ENTRIES PROVIDED START
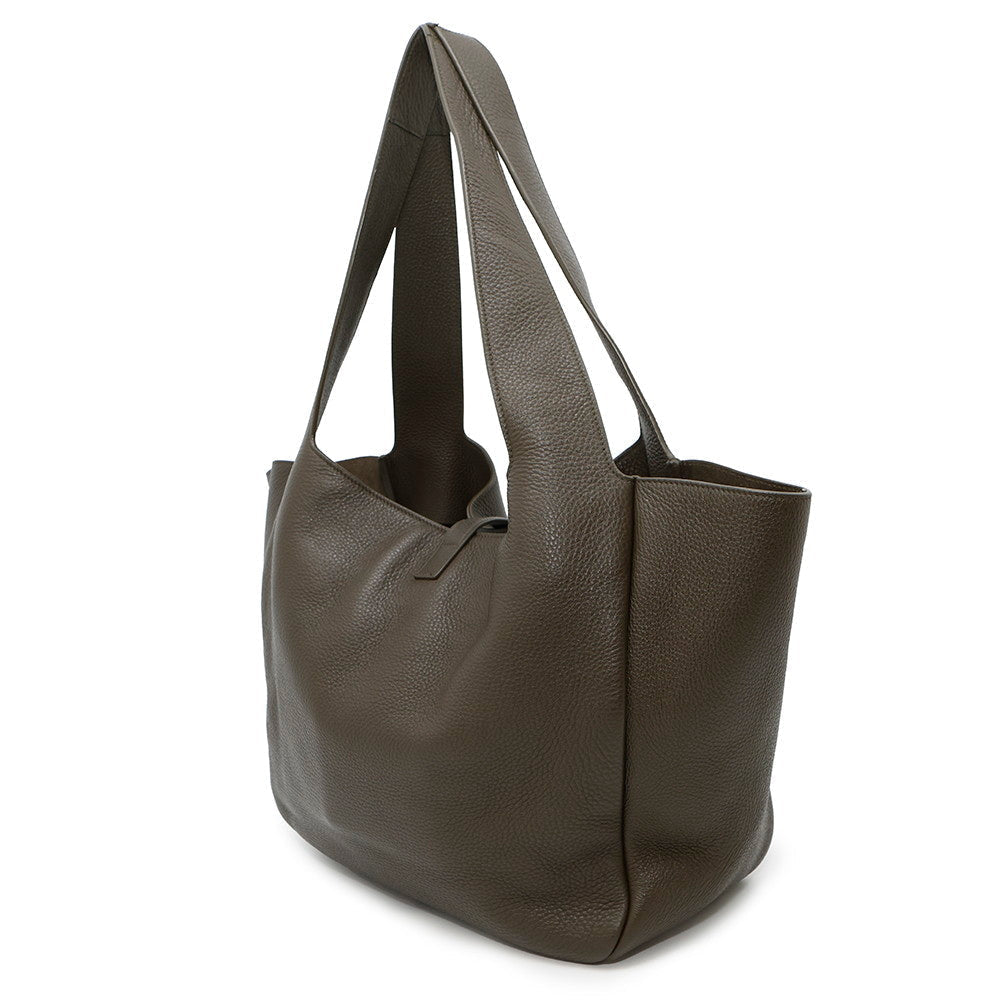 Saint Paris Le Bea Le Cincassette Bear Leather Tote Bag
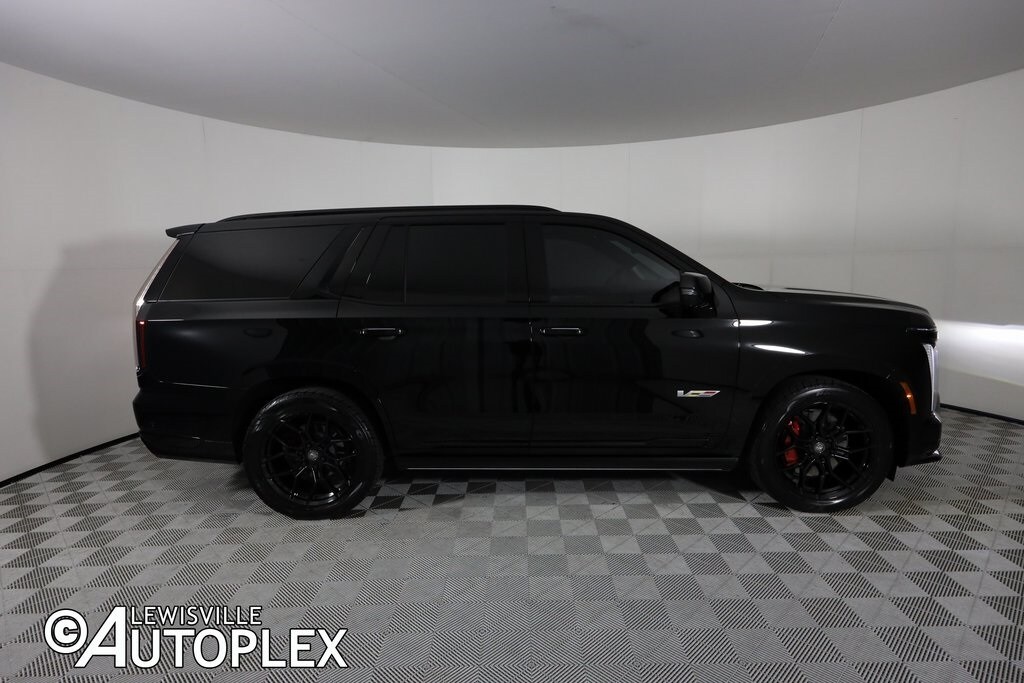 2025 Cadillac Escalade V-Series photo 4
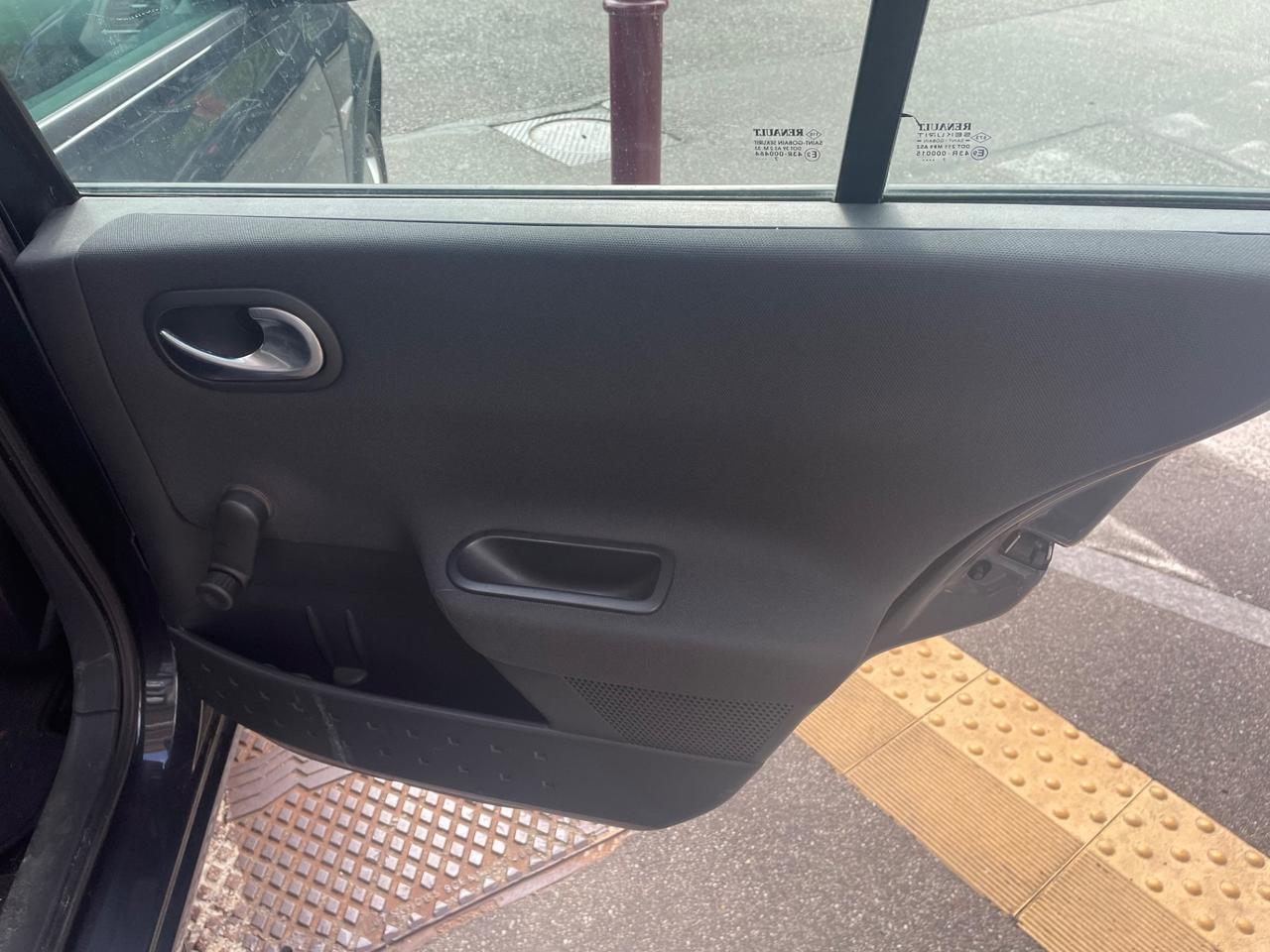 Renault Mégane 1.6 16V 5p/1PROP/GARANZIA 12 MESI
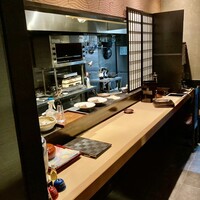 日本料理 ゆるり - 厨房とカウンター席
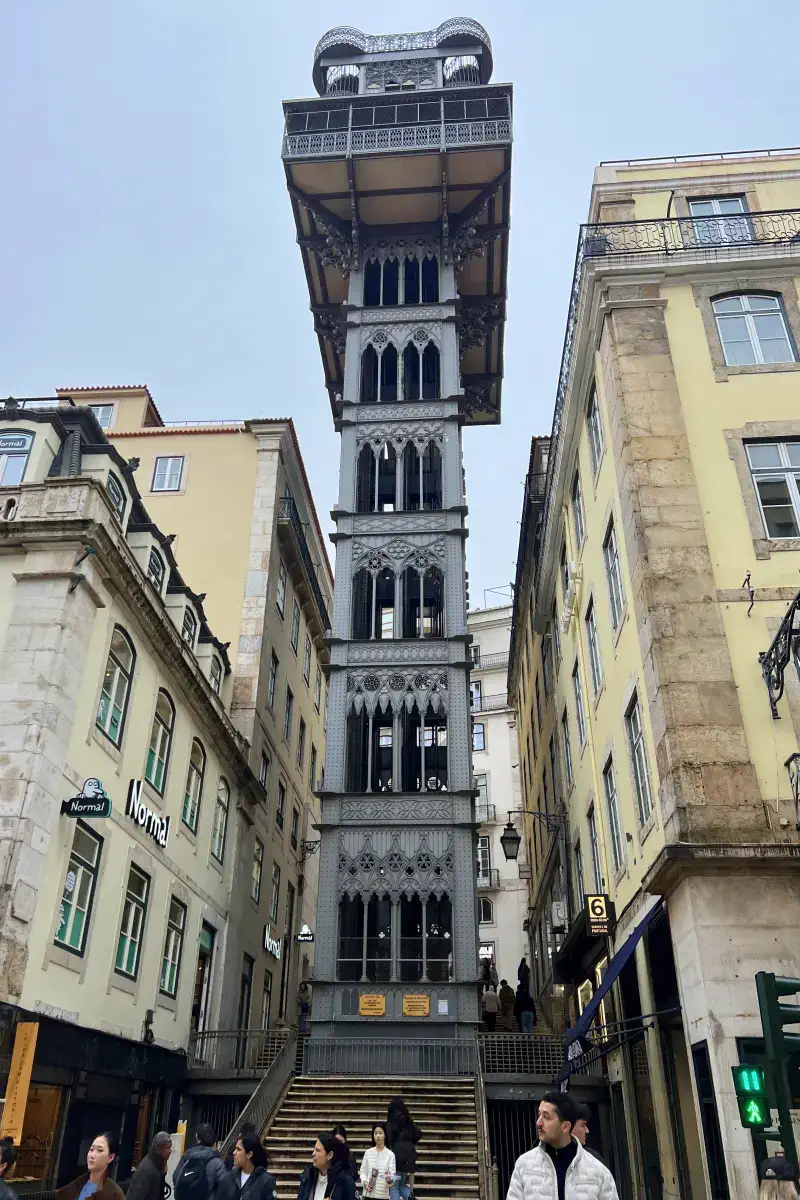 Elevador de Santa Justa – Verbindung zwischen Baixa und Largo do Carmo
ENTRIES PROVIDED END
ENTRIES PROVIDED START
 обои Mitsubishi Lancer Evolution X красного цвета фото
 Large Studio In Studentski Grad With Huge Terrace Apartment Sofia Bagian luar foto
ENTRIES PROVIDED END
ENTRIES PROVIDED START
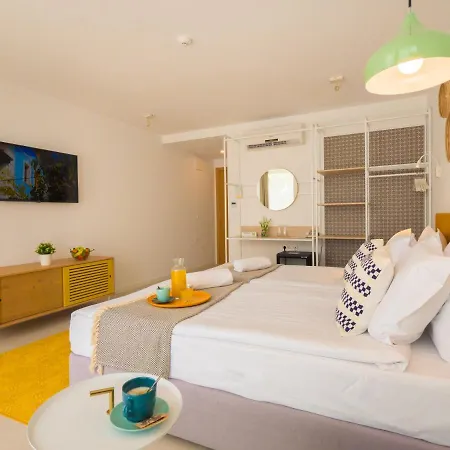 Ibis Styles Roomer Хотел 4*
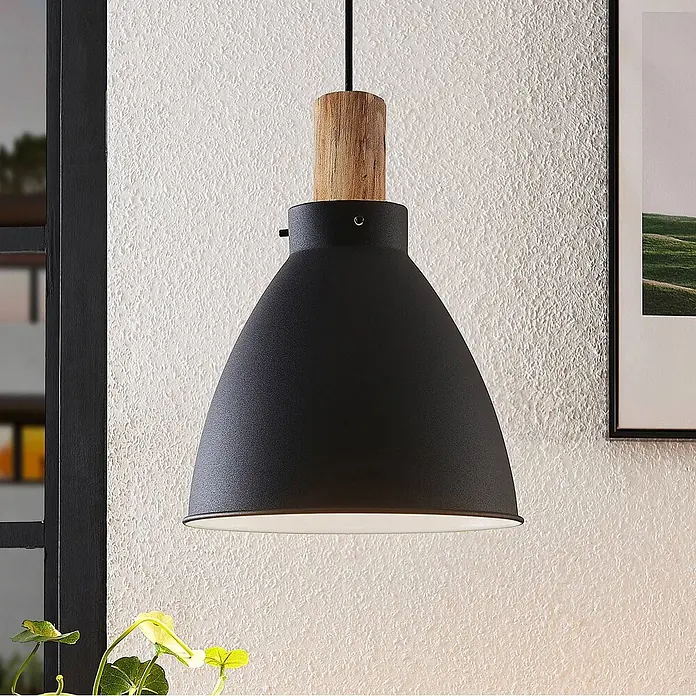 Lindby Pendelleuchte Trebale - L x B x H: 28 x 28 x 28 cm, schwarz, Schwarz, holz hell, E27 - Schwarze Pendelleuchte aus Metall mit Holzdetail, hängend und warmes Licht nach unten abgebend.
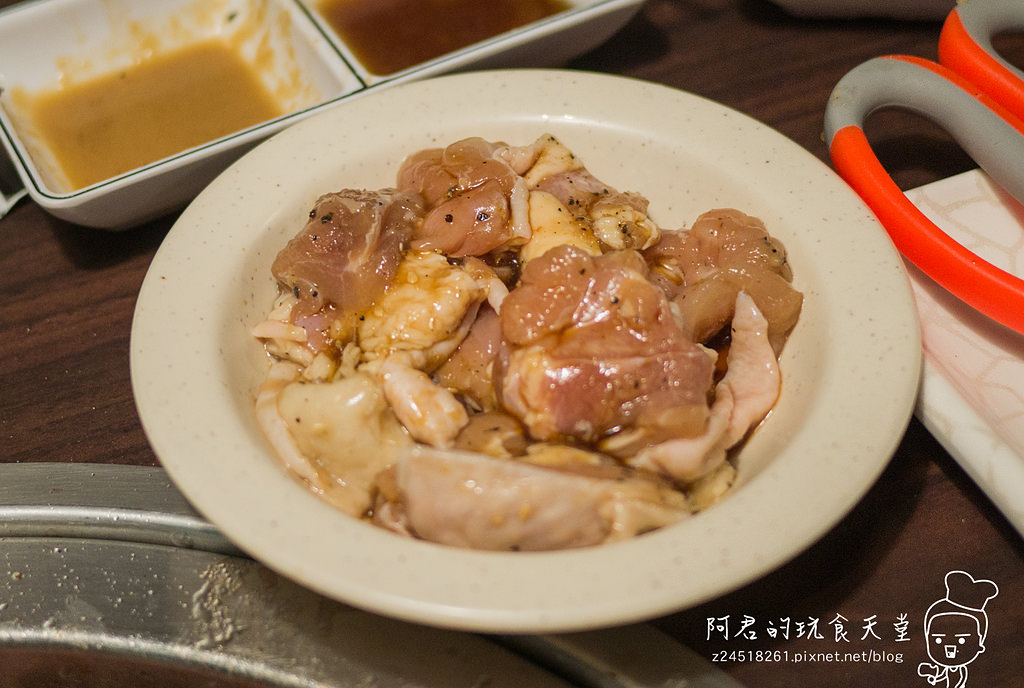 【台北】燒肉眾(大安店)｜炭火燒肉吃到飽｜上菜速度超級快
ENTRIES PROVIDED END
YOUR GOAL —
Print an exact copy of the lines above, from the one containing "Saint Paris Le" through the one containing "Elevador de Santa", and leave out the pictures.

SOLUTION FOR THIS TASK —
 Saint Paris Le Bea Le Cincassette Bear Leather Tote Bag
 2025 Cadillac Escalade V-Series photo 4
 Renault Mégane 1.6 16V 5p/1PROP/GARANZIA 12 MESI
 日本料理 ゆるり - 厨房とカウンター席
 Elevador de Santa Justa – Verbindung zwischen Baixa und Largo do Carmo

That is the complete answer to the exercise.